**WORK INSTRUCTION**
In this exercise, print only the lines from the line with "Duotone Rebel D/LAB" to the last line of the data below, inclusive. Any pictures should be left out.

**EXTRACTED INFORMATION**
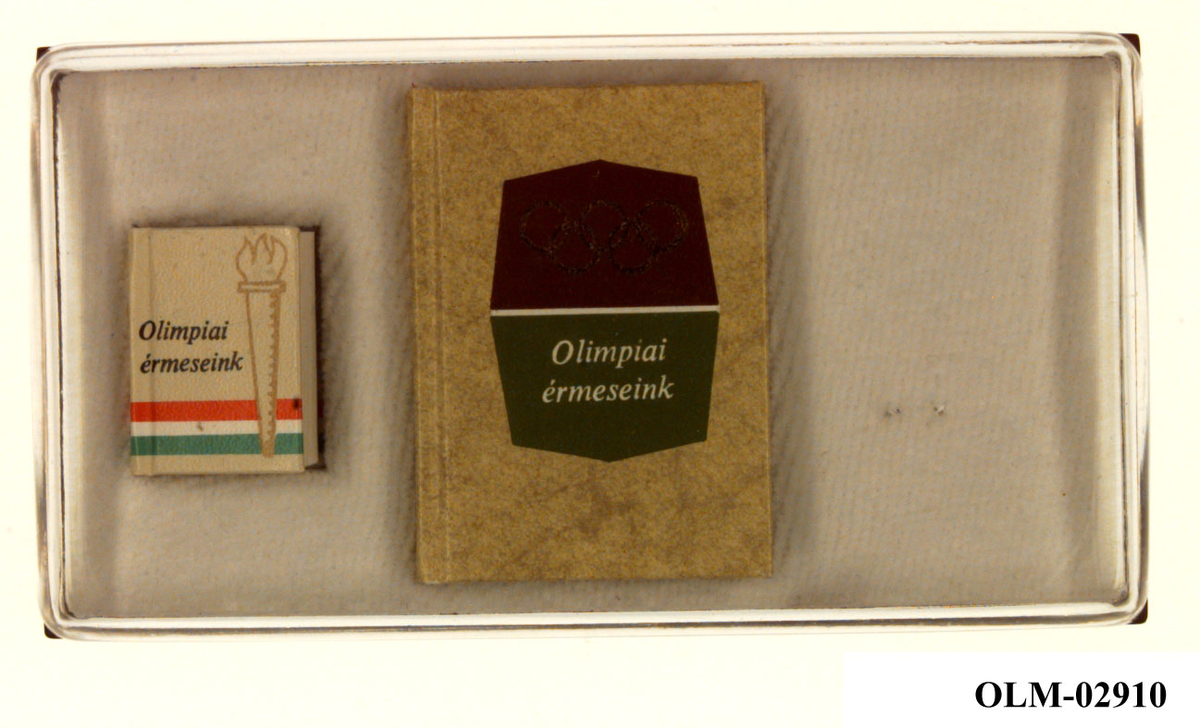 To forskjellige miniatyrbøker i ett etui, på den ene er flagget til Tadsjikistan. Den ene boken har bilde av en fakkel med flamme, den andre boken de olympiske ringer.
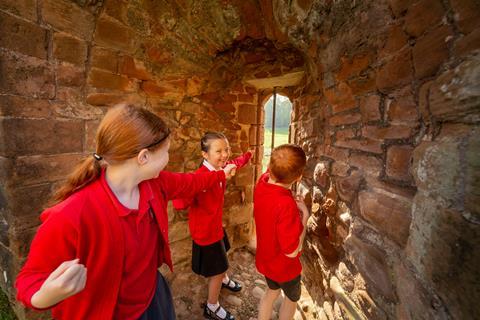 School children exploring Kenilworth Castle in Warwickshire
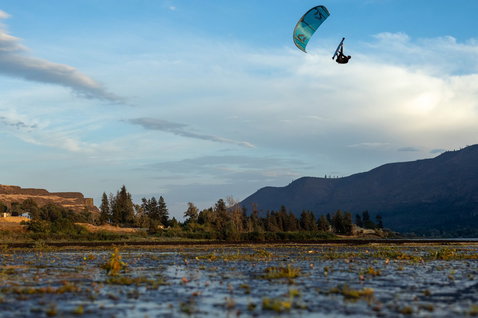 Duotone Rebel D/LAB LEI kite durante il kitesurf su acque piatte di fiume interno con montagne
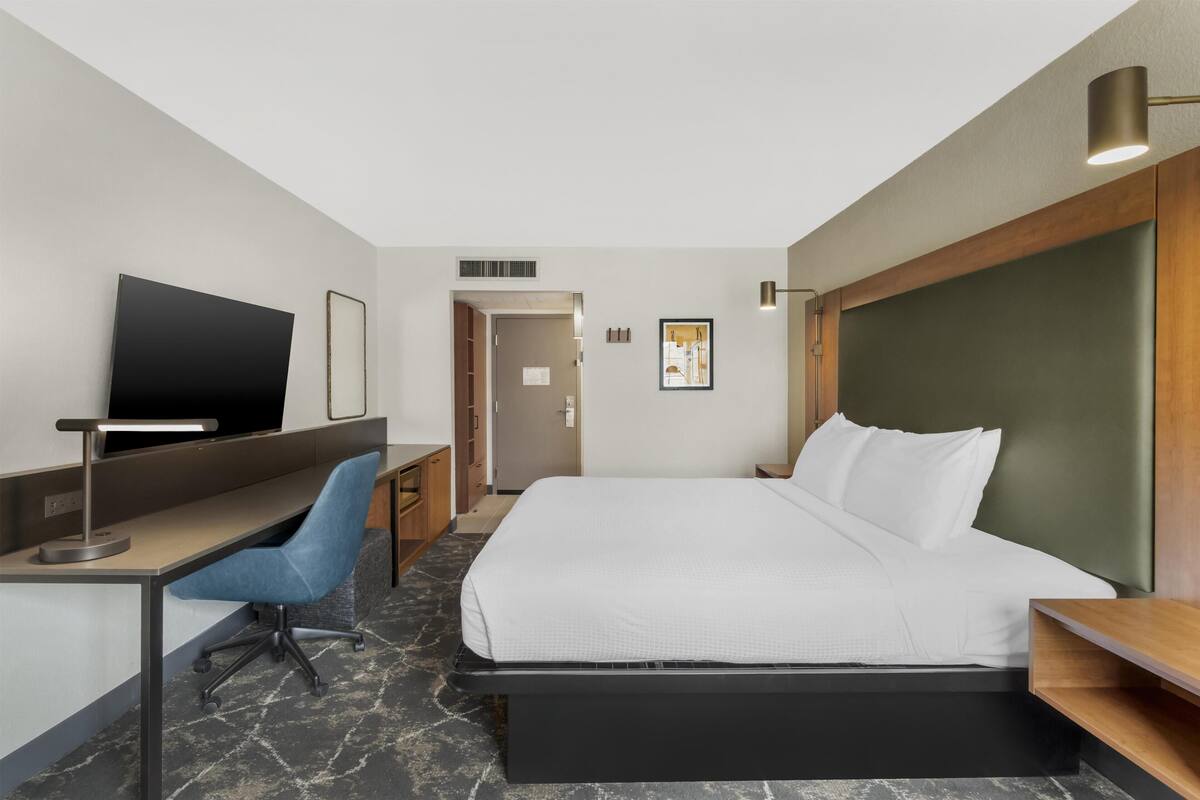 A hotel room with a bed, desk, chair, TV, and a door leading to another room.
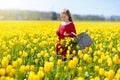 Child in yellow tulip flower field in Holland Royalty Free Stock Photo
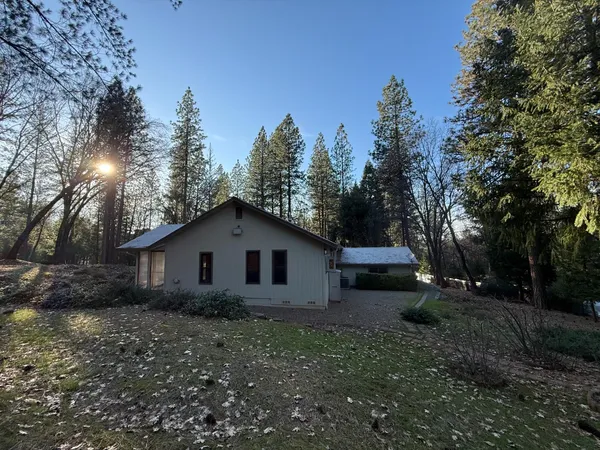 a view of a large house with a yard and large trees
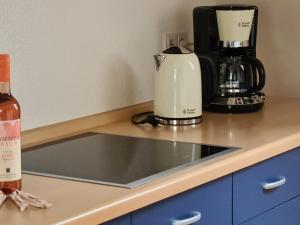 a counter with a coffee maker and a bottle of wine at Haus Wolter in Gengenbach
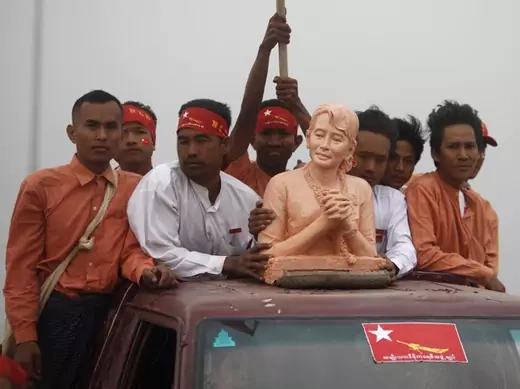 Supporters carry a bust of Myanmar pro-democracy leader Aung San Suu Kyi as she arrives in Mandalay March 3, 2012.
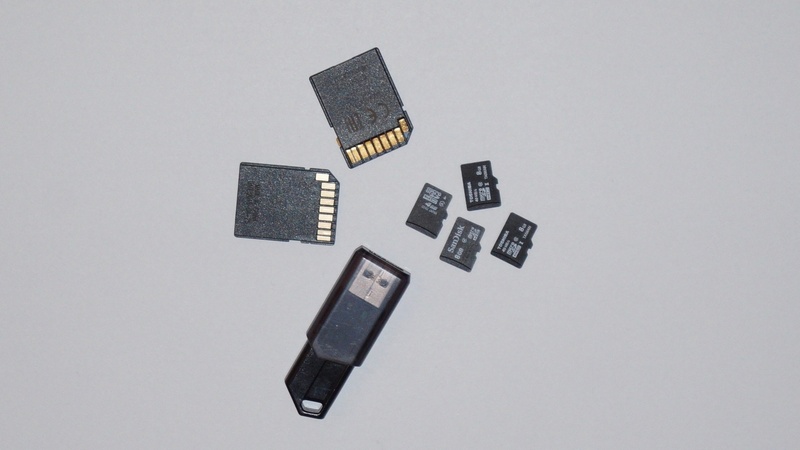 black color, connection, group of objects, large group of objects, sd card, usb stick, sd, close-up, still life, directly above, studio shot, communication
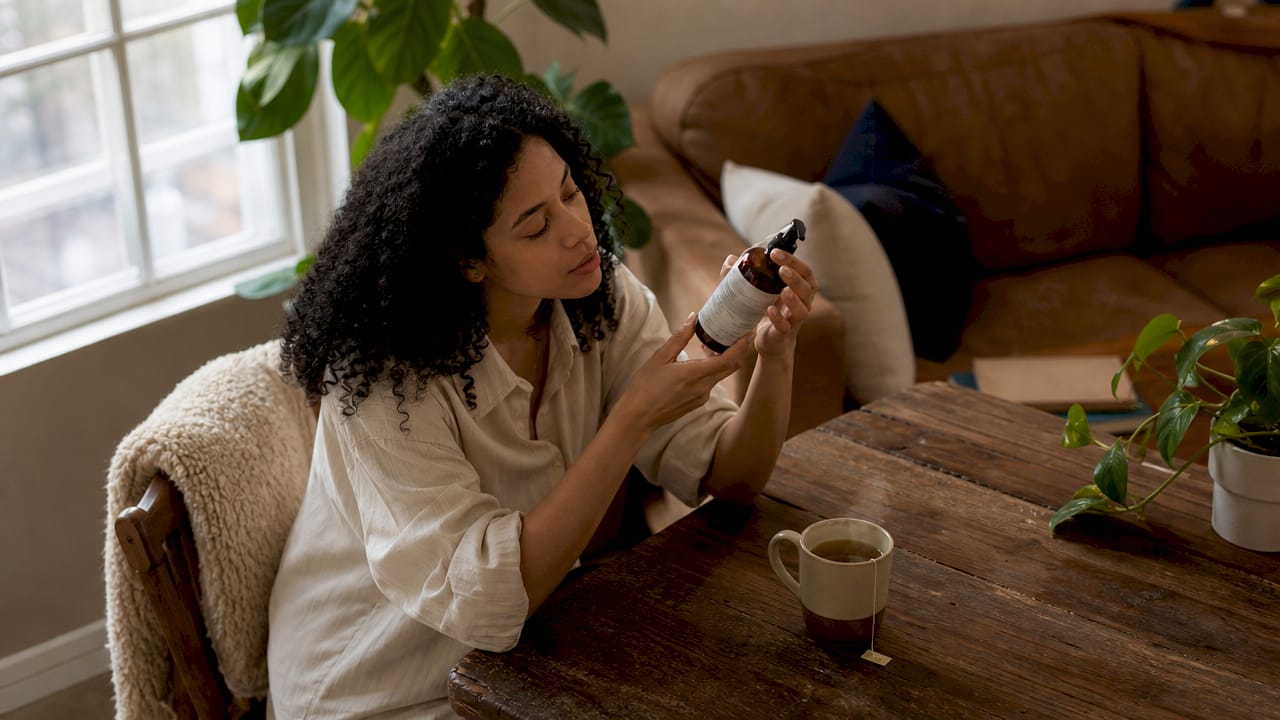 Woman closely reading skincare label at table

**SOLUTION BELOW**
 Duotone Rebel D/LAB LEI kite durante il kitesurf su acque piatte di fiume interno con montagne
 A hotel room with a bed, desk, chair, TV, and a door leading to another room.
 Child in yellow tulip flower field in Holland Royalty Free Stock Photo
 a view of a large house with a yard and large trees
 a counter with a coffee maker and a bottle of wine at Haus Wolter in Gengenbach
 Supporters carry a bust of Myanmar pro-democracy leader Aung San Suu Kyi as she arrives in Mandalay March 3, 2012.
 black color, connection, group of objects, large group of objects, sd card, usb stick, sd, close-up, still life, directly above, studio shot, communication
 Woman closely reading skincare label at table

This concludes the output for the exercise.